I really like the idea behind this film, what kind of people come in and out of a hotel? A hotel is one place where a host of characters can come together in complex ways without a second thought given.  For the hotel itself seems like an entity in the picture, encasing the characters and providing a set for their drama to unfold. And what twisted patterns they yield.
One of them is a thief, one of them is scared of being rejected, one of them is cheating on their spouse, one of them is purely too innocent for their own good, and only one of them can keep a cool head. From the start, it seems like “Grand Hotel” was originally meant for the stage from the way it’s done. The fade-outs after scenes end and the use of rooms, etcetera etcetera. 

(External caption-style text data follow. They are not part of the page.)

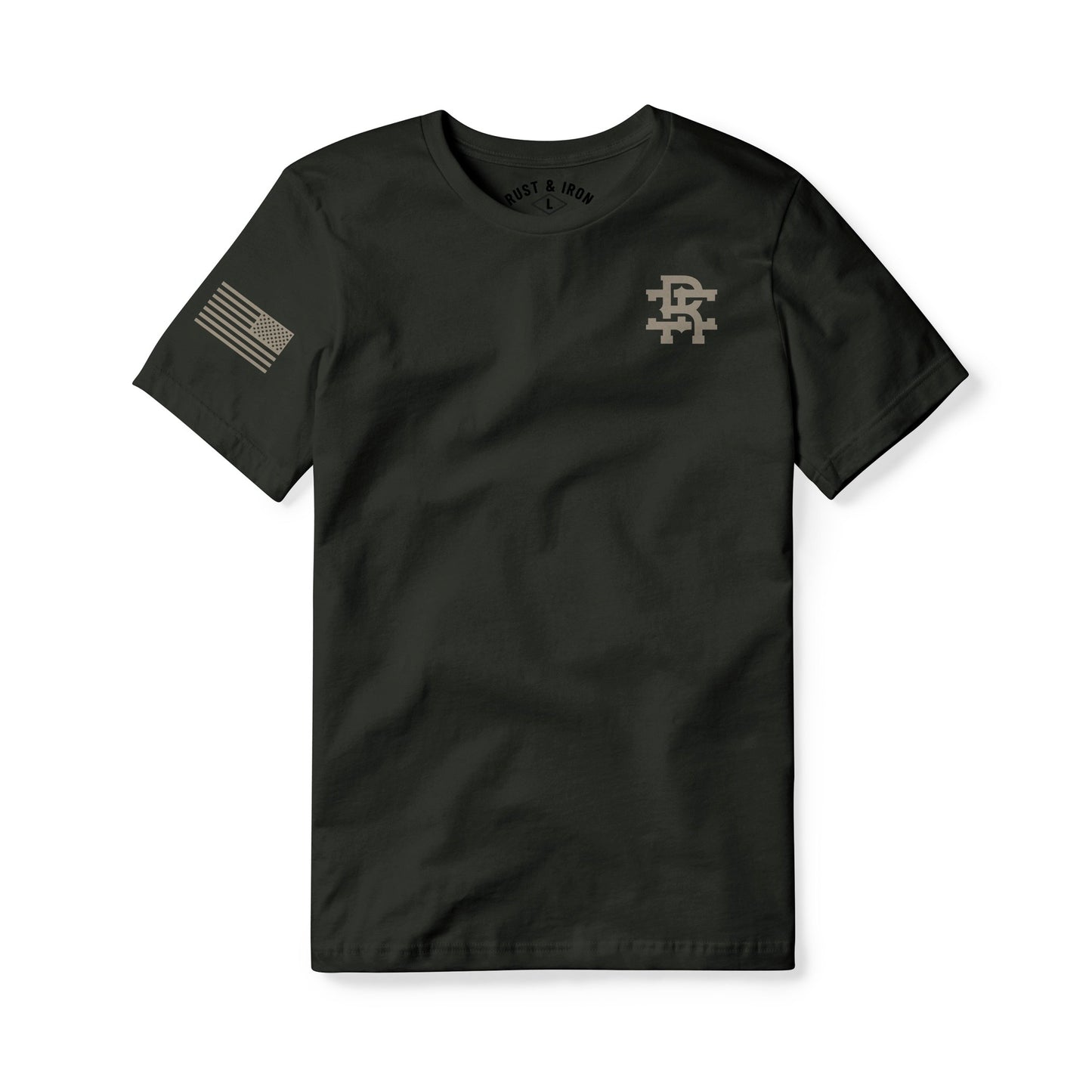 The Collective Support Tee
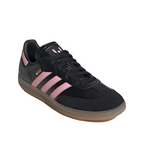Adidas Samba Messi - Fußballschuhe Herren Schwarz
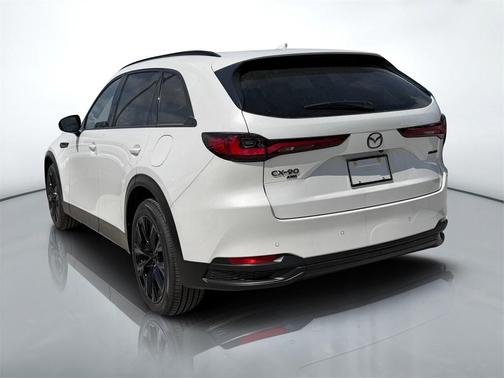 2026 Mazda CX-90 PHEV Premium Sport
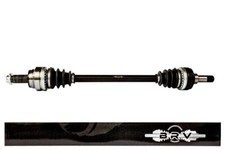 Albero Motore SX/ Dx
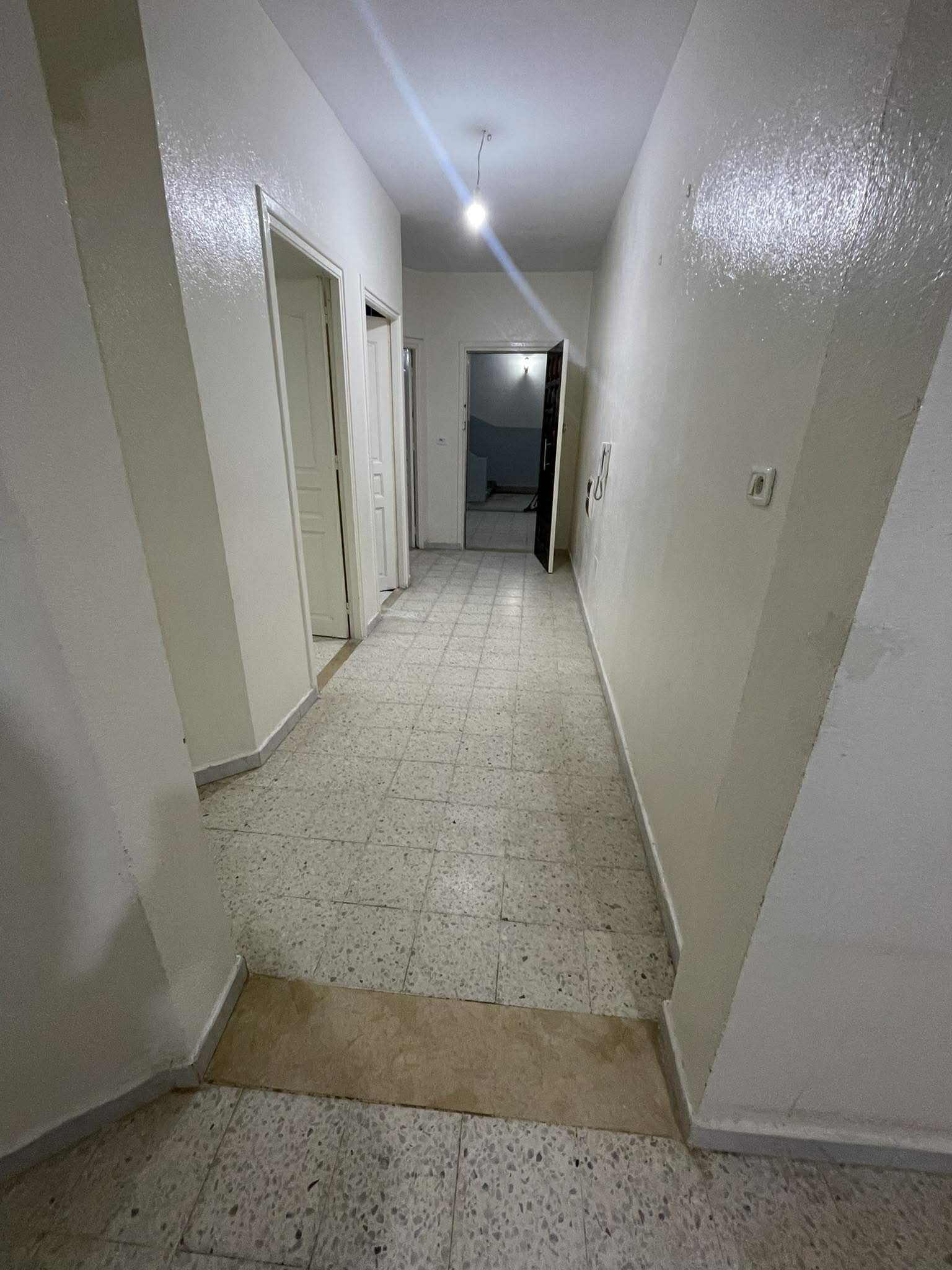 Mnihla&nbsp;Jardins d'el Menzah&nbsp;Location&nbsp;Appart. 3 pi�ces&nbsp;S3 aux jardins menzah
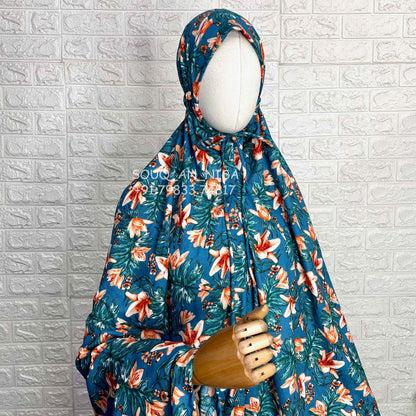 Rayon Cotton Salah Khimar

There is no main character to this film, it seems to hover around three or four. The Baron, John Barrymore, who is a nice man with a shady disposition who can seemingly charm himself out of any tight positions he finds himself in. The Dancer, embarrassingly played by Greta Garbo who really is the worst part of this film. The Stenographer, who is my favorite character played by Joan Crawford wonderfully—she’s a smart girl who can take care of herself, a gem in this era of film. Then there’s Otto Kringelein, who is portrayed by a very young Lionel Barrymore. It’s hard to imagine Mr. Potter from “It’s a Wonderful Life” in this role but that’s where my mind kept traveling to.
Ultimately, although it’s a smart idea, the execution is a little hazy.
The same problem I had with “The Broadway Melody” arises again in this film. A man can fall in love with a woman in seconds just because she’s beautiful. He can give his heart to her to hold with her delicate little hands, just because she’s pretty. And the woman is not clever enough to realize that it’s just a physical attraction. She just falls back in love as easily as he fell for her.
The script needs a lot of work, but I feel that this is a picture that could use a remake, a well-done, non-3D remake. Consider my suggestions: leave the film in black and white, get a better script, make it even darker than it already is and knock yourself out. 
I was starting to loose my patience with the film as it traveled from character to character in a charming but somewhat pointless fashion, only implementing one or two techniques that made me pay attention for a second. Other than that, it was fairly droll.
But I have to admit, I was very happy with the ending. It nicely wrapped up the themes that had been dangling in the air wanting something to be done with them.
The hotel then became a symbol of how one can travel through life with a facade and no one could ever know. How money corrupts so many yet is so vital and can do so much good in the right hands.
If the Baron and the Stenographer had their own movies I would watch them, but other than them and the ending, this movie is less than staggering.